▸ Given information:
[Start of section]
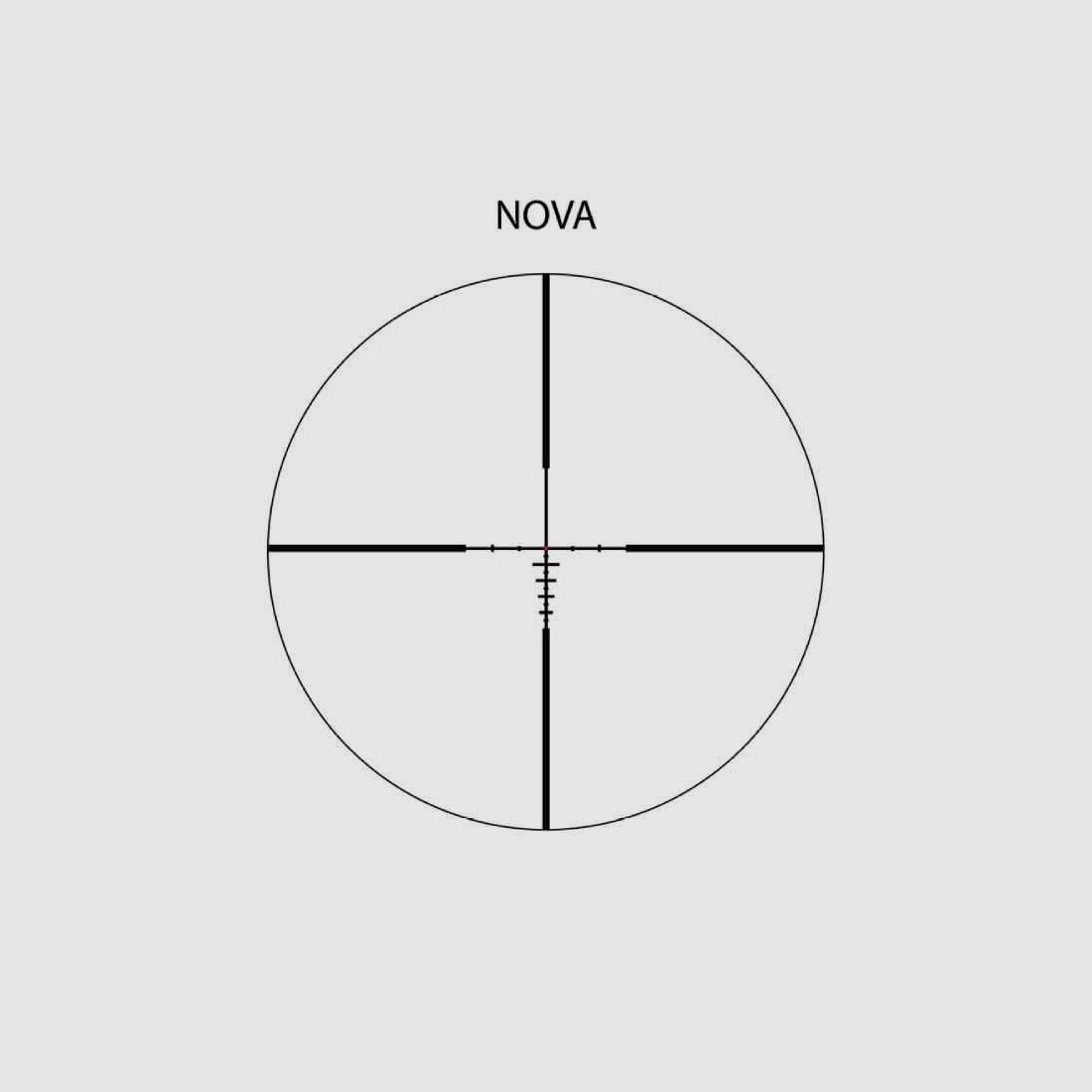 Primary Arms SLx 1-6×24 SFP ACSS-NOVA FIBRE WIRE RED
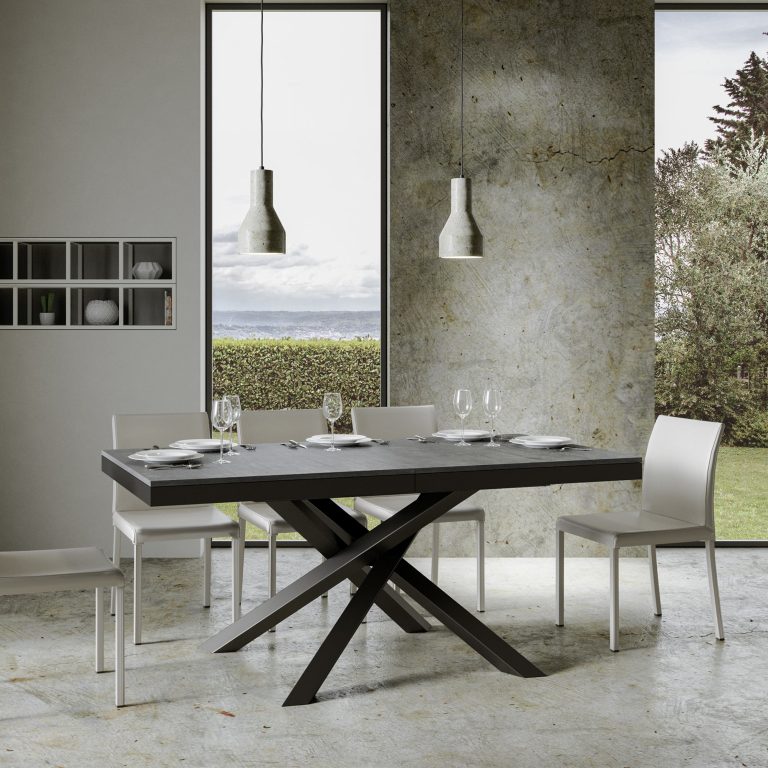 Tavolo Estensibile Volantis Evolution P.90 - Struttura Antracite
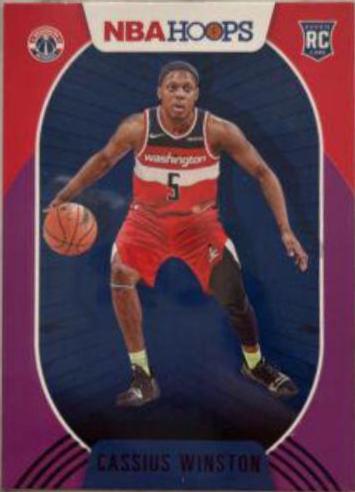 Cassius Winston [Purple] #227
[End of section]
▸ About this task:
Only the lines from the one with "Tavolo Estensibile Volantis" through the last line above belong in the answer. Reproduce them exactly, without the pictures.

▸ Solution:
 Tavolo Estensibile Volantis Evolution P.90 - Struttura Antracite
 Cassius Winston [Purple] #227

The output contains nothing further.